Associate Justice of the Ohio Supreme Court
- In office December 16, 1954 – September 25, 1970
- Preceded by: John H. Lamneck
- Succeeded by: Robert E. Leach

Personal details
- Born: John Marshall Matthias January 20, 1903 Van Wert, Ohio, U.S.
- Died: January 25, 1973 (aged 70) Upper Arlington, Ohio, U.S.
- Resting place: Green Lawn Cemetery, Columbus, Ohio, U.S.
- Party: Republican
- Spouse: Lois Kirkpatrick
- Children: 1
- Alma mater: Ohio State University; Ohio State University College of Law; Franklin University Law School;

= John M. Matthias =

American judge

John Marshall Matthias (January 20, 1903– January 25, 1973) was a Republican politician from Columbus, Ohio who served in the Ohio House of Representatives and followed his father as a justice of the Ohio Supreme Court, serving 1954 to 1970.

Matthias was the son of Edward Shiloh and Mary F. (Crouch) Matthias. He was born January 20, 1903, in Van Wert, Ohio. His family moved to Columbus, Ohio in 1915, when his father was elected to the Ohio Supreme Court. He graduated from The Ohio State University in 1928, attended both Ohio State University Law School and Franklin University Law School, and was admitted to the bar in 1931.

From 1931 to 1939, Matthias was in private practice of law in Columbus, was elected to the Ohio House of Representatives from Franklin County, Ohio in 1934, lost re-election in 1936, but was elected again in 1938. He was elected to the Columbus Municipal Court in 1939, and was sworn in by his father on January 1, 1940. In 1944, Governor John W. Bricker appointed Matthias presiding judge of the Columbus Municipal Court, and he was elected to six-year terms in 1945 and 1951.

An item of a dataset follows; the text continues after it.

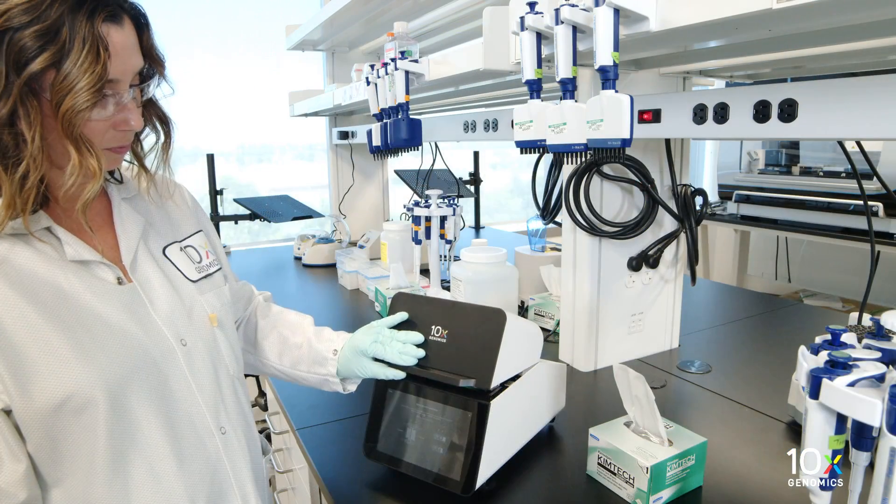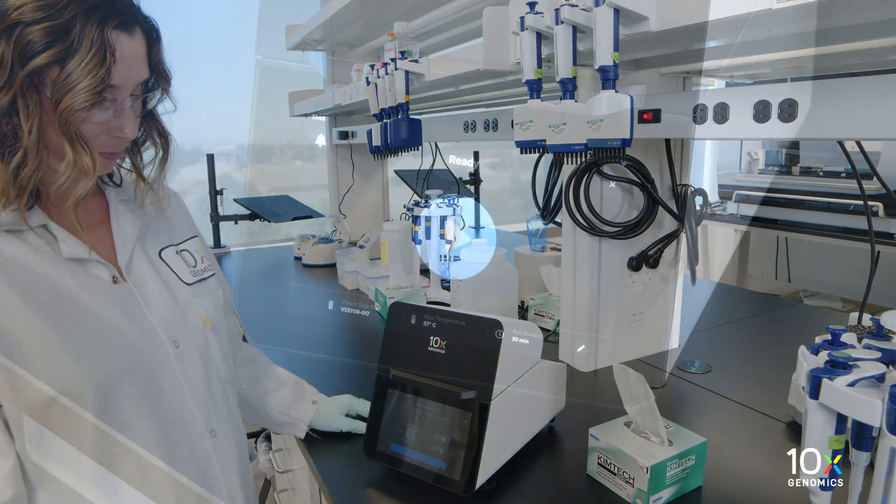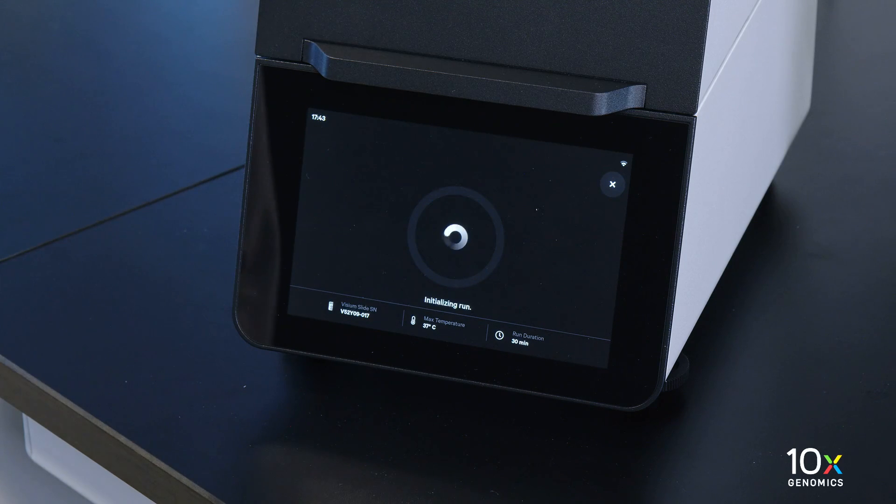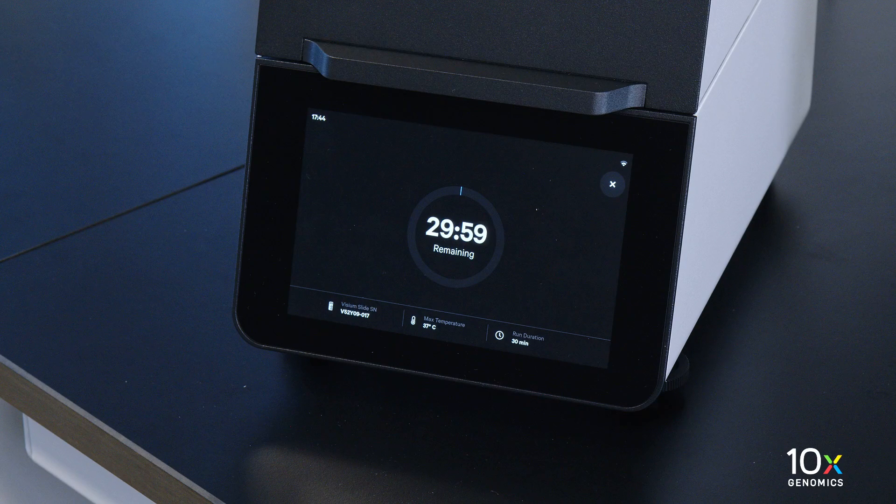Now we will run the Visium slide assist. Close the lid. The home screen will now display a play symbol and run information along the bottom of the screen. Press the play button to start the run. The run should take 30 minutes. The mid-run progress bar will show the time remaining in the run.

Matthias's father died in 1953, and Governor Frank Lausche appointed Democratic judge John H. Lamneck to the seat. John M. Matthias ran for the remaining two years of his father's term in 1954, winning the Republican primary without party support, and defeating Lamneck in 86 of 88 Ohio counties. He won a six-year term in 1956, and was re-elected in 1962 and 1968.

At the beginning of 1970, Matthias could not perform his duties due to failing health, and Robert E. Leach sat on assignment for him. Matthias resigned September 25, 1970, and Governor Jim Rhodes named Leach to replace him.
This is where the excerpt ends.